Planning on leveraging other people’s money to build your portfolio of rental properties? Get a rental mortgage quote to determine what kind of interest rate and monthly payment you can expect. While a significant expense each month, at least this is one that even novice investors never fail to remember!

Travel, Accounting, Legal, & Other Miscellaneous Expenses

Alone, none of these expenses amount to much. But together, they generally add up to 2-4% of the rent when combined for the year.

It costs money to drive around town, showing vacant units, inspecting occupied units, and hunting for new rental properties. Your accounting, bookkeeping, and tax return preparation costs go up with every property you add. When you have to take a tenant to court over non-payment of rent, you incur legal fees. If you buy under an LLC name, that costs money to renew each year, so everything adds up.

Sample Numbers & Using a Rental Calculator

Imagine you find a property for $100,000 with a down payment of $25,000, that rents for $1,000 per month. Is it a good deal?

Let’s run the numbers two different ways, one buying in cash and one buying with a rental mortgage. In the cash purchase scenario, say your expenses look like this:

  • Vacancy Rate: 5% ($50/month)
  • Maintenance & Repairs: 13% ($130/month)
  • Property Management Costs: 12% ($120/month)
  • Property Taxes: 1.2% of the property value ($1,200/year, or $100/month)
  • Landlord Insurance: $600/year ($50/month)
  • Travel, Accounting, Legal & Misc.: 2.5% ($25/month)
  • Total Expenses: $500/month
  • Monthly Cash Flow: $525 ($6,300 per year)
  • Annual Yield/Return: 6.3%

Now let’s assume you get a rental mortgage at 5% interest for 30 years, covering $75,000 of the purchase price.
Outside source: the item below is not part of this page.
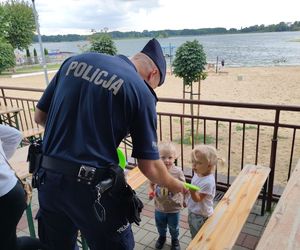 policjant z dziećmi na plaży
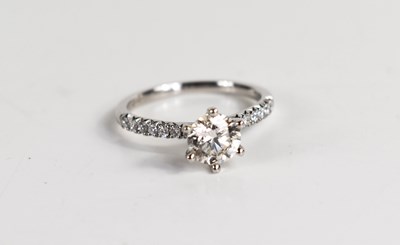 Lot 11 - A platinum and diamond solitaire ring, the...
Here’s how the numbers change:

  • Vacancy Rate: 5% ($50/month)
  • Maintenance & Repairs: 13% ($130/month)
  • Property Management Costs: 12% ($120/month)
  • Property Taxes: 1.2% of the property value ($1,200/year, or $100/month)
  • Landlord Insurance: $600/year ($50/month)
  • Travel, Accounting, Legal & Misc.: 2.5% ($25/month)
  • Mortgage: $402.62
  • Total Expenses: $877.62/month
  • Monthly Cash Flow: $122 ($1,464 per year)

To determine your cash-on-cash return, divide that $1,464 annual return by the $25,000 down payment you made, to reach a return of 5.9% on your down payment.

If all those numbers give you a headache, use a free rental cash flow calculator instead. Just plug in the numbers to determine your monthly cash flow and cash-on-cash return.

Final Thoughts

When you buy a stock, you hope for the best based on historic returns. When you buy a rental property, you can precisely calculate the annual return it will yield. One year may deliver a little more, the next a little less, but over time these expenses and returns prove stable and predictable. If you can accurately estimate the return an investment will deliver, you never have to make a bad investment again.